Assignment:
Give the data below again exactly as it stands. Omit the pictures.

Data:
* * * * *

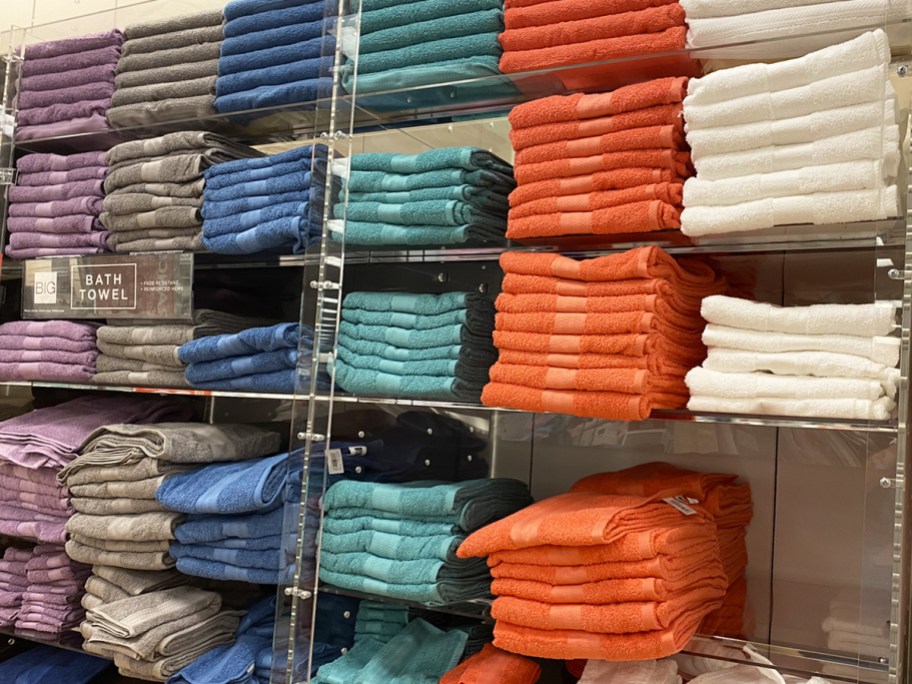 wall display of bath towels in store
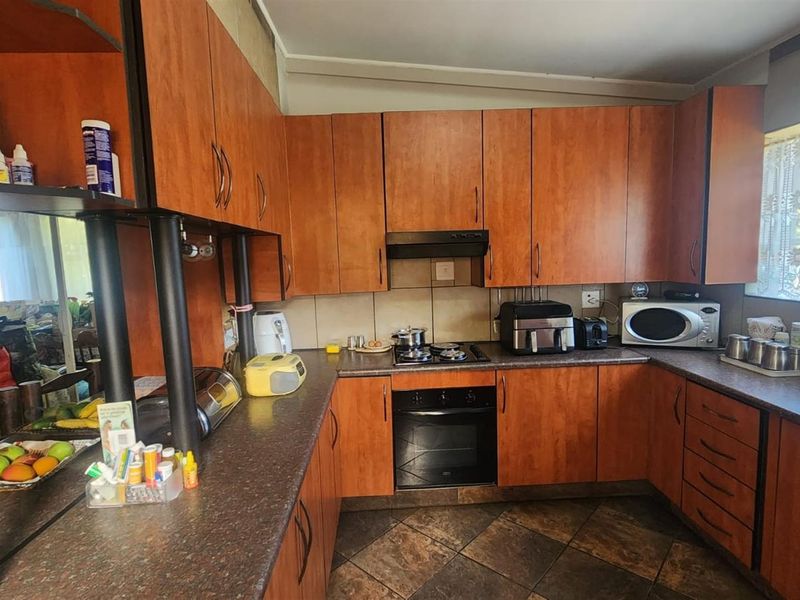 A functional kitchen featuring wood-look cabinetry, dark laminate countertops, a built-in oven, gas hob, and tiled flooring.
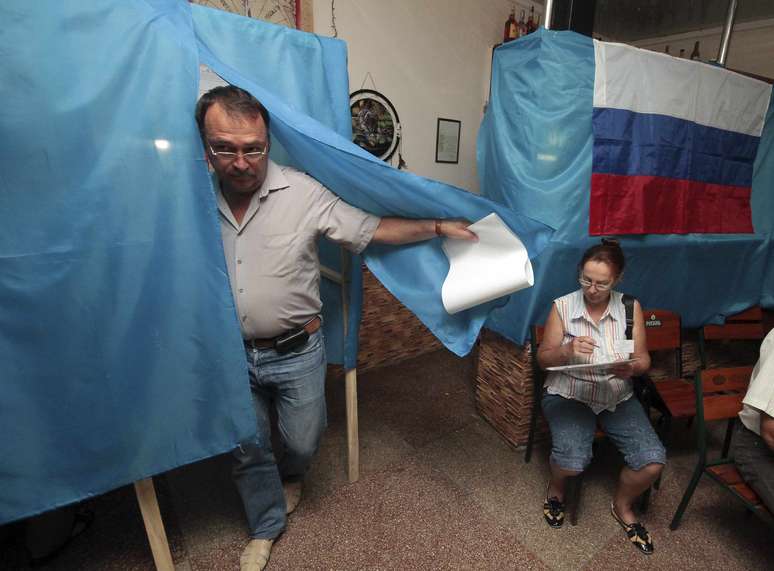 Um homem deixa a cabine de votação na assembleia de voto no porto de Sebastopol da Crimeia, neste domingo, 14 de setembro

* * * * *

Answer to the exercise:
 wall display of bath towels in store
 A functional kitchen featuring wood-look cabinetry, dark laminate countertops, a built-in oven, gas hob, and tiled flooring.
 Um homem deixa a cabine de votação na assembleia de voto no porto de Sebastopol da Crimeia, neste domingo, 14 de setembro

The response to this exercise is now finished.